[Dataset records]
=== Begin Enclosure ===

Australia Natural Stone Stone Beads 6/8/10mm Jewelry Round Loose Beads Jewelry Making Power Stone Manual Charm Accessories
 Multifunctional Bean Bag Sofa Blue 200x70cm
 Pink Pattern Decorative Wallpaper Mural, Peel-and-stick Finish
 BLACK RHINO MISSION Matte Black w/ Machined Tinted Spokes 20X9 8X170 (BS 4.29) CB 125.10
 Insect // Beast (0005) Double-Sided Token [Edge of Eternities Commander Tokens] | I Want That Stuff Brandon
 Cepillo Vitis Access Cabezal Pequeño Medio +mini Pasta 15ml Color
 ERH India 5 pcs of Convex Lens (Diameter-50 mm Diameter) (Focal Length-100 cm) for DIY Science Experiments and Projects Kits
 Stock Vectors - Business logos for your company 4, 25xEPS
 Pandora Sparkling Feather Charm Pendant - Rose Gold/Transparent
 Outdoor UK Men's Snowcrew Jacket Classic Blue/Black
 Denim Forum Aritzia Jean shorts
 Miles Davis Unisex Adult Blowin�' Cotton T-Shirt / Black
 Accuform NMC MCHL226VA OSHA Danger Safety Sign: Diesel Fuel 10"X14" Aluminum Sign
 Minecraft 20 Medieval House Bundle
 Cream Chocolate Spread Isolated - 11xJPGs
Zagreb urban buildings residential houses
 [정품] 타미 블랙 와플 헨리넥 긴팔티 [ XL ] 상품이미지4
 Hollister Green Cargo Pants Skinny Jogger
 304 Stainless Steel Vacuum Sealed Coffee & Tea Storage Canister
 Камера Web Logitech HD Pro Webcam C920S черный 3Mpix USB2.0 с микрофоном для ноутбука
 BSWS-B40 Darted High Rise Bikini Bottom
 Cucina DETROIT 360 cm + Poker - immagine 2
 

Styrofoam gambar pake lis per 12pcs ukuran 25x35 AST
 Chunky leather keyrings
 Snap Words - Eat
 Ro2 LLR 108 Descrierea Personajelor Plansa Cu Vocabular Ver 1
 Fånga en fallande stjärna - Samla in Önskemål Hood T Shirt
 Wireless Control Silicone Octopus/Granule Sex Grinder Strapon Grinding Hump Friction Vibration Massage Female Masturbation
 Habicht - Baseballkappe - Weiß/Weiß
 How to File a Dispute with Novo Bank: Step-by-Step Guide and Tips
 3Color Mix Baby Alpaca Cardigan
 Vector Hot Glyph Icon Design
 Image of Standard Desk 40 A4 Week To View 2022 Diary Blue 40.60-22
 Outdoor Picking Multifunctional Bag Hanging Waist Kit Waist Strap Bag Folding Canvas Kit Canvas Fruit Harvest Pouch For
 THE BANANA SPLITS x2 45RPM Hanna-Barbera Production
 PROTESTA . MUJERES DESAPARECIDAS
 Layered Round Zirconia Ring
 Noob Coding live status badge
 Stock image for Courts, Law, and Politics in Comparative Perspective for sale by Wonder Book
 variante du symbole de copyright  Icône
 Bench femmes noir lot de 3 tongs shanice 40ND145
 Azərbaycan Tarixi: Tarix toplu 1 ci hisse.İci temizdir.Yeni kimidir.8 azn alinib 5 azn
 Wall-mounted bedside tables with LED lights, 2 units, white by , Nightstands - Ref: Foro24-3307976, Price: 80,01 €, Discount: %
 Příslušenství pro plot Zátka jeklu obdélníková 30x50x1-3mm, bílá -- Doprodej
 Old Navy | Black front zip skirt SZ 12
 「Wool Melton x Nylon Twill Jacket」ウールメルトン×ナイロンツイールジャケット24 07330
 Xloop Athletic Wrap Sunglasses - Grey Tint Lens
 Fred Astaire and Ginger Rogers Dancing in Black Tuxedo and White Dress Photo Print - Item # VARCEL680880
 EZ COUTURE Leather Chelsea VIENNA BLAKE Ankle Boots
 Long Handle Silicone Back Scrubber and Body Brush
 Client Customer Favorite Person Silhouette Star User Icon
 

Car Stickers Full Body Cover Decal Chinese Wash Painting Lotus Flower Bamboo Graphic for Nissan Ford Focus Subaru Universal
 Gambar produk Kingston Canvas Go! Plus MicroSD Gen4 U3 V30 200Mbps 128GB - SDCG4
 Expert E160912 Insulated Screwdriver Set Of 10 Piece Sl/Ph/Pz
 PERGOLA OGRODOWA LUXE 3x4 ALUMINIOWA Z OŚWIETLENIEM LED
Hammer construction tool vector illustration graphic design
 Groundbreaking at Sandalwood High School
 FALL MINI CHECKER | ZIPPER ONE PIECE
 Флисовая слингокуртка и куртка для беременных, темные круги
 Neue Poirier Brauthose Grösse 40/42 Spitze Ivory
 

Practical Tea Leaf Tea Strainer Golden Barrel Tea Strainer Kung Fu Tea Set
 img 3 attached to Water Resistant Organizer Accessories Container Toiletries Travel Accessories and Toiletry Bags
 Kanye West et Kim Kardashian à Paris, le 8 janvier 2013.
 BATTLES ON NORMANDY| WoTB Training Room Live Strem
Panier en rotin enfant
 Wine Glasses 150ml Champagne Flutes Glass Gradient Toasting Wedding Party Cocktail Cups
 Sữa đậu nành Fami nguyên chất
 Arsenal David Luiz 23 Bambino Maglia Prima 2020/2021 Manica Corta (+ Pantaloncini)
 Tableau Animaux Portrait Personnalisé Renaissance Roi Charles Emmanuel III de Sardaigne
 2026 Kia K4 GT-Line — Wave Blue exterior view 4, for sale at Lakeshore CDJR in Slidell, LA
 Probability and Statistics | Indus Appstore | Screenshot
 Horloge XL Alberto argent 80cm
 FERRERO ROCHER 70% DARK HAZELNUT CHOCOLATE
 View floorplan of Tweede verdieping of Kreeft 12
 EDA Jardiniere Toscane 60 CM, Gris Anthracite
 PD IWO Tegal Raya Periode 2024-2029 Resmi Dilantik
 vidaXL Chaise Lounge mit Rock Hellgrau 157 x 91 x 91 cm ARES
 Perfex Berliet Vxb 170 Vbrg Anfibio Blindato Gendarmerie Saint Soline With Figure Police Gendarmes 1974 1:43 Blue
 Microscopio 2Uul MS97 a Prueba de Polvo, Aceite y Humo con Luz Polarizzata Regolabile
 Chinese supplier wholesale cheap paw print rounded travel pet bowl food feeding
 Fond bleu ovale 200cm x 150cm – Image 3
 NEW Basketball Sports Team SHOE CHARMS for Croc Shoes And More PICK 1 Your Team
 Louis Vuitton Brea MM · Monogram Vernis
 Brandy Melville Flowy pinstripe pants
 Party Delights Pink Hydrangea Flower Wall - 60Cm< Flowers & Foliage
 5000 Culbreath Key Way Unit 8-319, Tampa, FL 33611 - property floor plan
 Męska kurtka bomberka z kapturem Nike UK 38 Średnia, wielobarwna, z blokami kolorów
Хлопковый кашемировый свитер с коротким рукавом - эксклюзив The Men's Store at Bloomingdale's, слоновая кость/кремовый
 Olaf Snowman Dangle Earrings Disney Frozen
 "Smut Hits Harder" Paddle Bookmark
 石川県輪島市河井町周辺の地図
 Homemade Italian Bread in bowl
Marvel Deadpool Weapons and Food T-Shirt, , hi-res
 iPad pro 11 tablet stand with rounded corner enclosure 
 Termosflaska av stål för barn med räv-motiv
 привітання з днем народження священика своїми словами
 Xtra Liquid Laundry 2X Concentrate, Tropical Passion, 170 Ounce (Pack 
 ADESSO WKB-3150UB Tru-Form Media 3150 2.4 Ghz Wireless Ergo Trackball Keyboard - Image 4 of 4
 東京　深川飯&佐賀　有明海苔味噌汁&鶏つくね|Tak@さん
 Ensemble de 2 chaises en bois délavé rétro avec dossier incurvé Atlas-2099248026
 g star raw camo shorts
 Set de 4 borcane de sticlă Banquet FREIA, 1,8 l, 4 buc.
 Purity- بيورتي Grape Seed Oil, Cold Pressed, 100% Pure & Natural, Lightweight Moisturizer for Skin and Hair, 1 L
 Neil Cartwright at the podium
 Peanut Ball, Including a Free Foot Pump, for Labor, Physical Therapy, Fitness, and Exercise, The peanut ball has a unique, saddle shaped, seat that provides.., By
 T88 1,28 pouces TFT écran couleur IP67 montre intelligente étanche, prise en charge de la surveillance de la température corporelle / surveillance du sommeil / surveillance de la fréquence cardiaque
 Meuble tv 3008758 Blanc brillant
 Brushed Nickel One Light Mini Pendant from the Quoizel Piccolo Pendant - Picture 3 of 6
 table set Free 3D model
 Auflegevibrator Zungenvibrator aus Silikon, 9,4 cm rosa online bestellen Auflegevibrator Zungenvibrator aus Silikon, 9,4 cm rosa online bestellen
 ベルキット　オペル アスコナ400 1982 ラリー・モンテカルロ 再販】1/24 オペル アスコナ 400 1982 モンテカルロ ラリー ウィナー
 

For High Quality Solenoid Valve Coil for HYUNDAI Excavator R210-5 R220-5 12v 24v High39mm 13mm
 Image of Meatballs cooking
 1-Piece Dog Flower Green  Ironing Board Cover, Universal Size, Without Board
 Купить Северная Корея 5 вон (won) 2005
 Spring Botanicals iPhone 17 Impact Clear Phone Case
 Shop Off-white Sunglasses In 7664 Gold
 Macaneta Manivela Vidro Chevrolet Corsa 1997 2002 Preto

=== End Enclosure ===

• Action item:
Gather from the data above every line with the string "Cover".

• Task output:
Car Stickers Full Body Cover Decal Chinese Wash Painting Lotus Flower Bamboo Graphic for Nissan Ford Focus Subaru Universal
 1-Piece Dog Flower Green  Ironing Board Cover, Universal Size, Without Board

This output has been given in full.